25 osób zginęło, a 101 uznaje się za zaginione po powodziach, które w ubiegłym tygodniu nawiedziły pustynne rejony na północy Chile - podały władze, ogłaszając najnowszy bilans ofiar. Wraz z upływem czasu rosną obawy o los zaginionych.
Poprzedni bilans mówił o 23 ofiarach śmiertelnych i 57 zaginionych. W pustynnym zazwyczaj regionie Atakama kontynuowane są poszukiwania ocalałych osób, uwięzionych pod zwałami błota, które obecnie twardnieje pod wpływem pustynnego słońca, co utrudnia akcję ratunkową. W poszukiwaniach wykorzystywane są m.in. specjalnie szkolone psy.
Prezydent Chile Michelle Bachelet w sobotę odwiedziła dotknięte powodziami regiony, obiecując pomoc poszkodowanym. Chilijskie służby ratunkowe podają, że ok. 2,7 tys. uratowanych osób jest obecnie bez dachu nad głową. Ogółem na skutek powodzi, najgorszych w regionie od 80 lat, ucierpiało ok. 30 tys. ludzi.
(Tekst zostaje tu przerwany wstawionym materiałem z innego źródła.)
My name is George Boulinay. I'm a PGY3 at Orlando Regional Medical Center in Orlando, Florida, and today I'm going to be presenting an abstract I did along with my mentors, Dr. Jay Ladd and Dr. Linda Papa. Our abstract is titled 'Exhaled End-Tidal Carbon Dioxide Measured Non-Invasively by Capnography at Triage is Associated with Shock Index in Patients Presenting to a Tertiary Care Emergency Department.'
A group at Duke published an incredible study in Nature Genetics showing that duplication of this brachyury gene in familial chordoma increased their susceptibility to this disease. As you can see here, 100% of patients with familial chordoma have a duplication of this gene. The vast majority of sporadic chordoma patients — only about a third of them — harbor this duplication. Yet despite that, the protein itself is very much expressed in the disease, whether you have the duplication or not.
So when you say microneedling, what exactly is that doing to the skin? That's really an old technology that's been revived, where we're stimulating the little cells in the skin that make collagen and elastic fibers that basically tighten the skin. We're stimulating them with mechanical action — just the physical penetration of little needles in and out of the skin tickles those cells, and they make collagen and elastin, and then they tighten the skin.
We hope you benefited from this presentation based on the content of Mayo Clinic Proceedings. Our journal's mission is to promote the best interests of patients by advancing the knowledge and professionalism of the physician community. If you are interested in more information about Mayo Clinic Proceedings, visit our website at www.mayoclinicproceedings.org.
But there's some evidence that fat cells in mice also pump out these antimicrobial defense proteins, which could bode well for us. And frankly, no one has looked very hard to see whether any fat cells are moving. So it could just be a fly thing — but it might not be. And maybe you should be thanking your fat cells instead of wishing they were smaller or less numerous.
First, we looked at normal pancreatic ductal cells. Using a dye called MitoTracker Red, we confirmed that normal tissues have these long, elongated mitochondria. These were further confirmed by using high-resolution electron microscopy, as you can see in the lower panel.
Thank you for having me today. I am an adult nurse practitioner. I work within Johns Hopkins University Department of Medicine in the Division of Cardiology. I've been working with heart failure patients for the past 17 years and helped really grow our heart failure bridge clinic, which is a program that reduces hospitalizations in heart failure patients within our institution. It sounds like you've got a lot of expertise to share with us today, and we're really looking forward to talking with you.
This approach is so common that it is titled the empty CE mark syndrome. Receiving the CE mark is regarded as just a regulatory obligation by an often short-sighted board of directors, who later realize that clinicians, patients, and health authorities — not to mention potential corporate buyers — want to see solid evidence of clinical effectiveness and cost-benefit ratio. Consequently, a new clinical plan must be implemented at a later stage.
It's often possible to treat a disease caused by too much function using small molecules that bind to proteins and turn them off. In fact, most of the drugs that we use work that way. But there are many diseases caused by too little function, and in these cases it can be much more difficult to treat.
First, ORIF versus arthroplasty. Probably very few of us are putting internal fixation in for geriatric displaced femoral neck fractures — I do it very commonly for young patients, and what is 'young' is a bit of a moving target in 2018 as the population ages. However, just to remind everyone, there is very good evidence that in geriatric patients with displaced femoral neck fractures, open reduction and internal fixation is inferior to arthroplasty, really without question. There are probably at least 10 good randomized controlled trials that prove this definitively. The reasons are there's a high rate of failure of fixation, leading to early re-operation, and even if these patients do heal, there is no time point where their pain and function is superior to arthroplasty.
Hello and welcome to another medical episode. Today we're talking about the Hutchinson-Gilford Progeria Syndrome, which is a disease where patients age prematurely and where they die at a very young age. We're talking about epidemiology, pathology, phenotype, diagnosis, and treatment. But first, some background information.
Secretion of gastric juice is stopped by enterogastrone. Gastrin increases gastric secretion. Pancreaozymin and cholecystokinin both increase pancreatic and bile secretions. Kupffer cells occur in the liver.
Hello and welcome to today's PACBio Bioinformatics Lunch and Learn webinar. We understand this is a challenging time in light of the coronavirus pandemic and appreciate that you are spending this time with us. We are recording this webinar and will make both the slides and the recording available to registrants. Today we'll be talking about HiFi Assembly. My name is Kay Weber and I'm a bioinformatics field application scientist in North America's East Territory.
Wywołane przez deszcze lawiny błotne i wylewające rzeki w ubiegłym tygodniu pozbawiły tysiące ludzi prądu i wody pitnej w suchych zazwyczaj regionach Coquimbo, Atakama i Antofagasta, a także zniszczyły domy i drogi. Opady wystąpiły też na Atakamie, najsuchszej pustyni na Ziemi.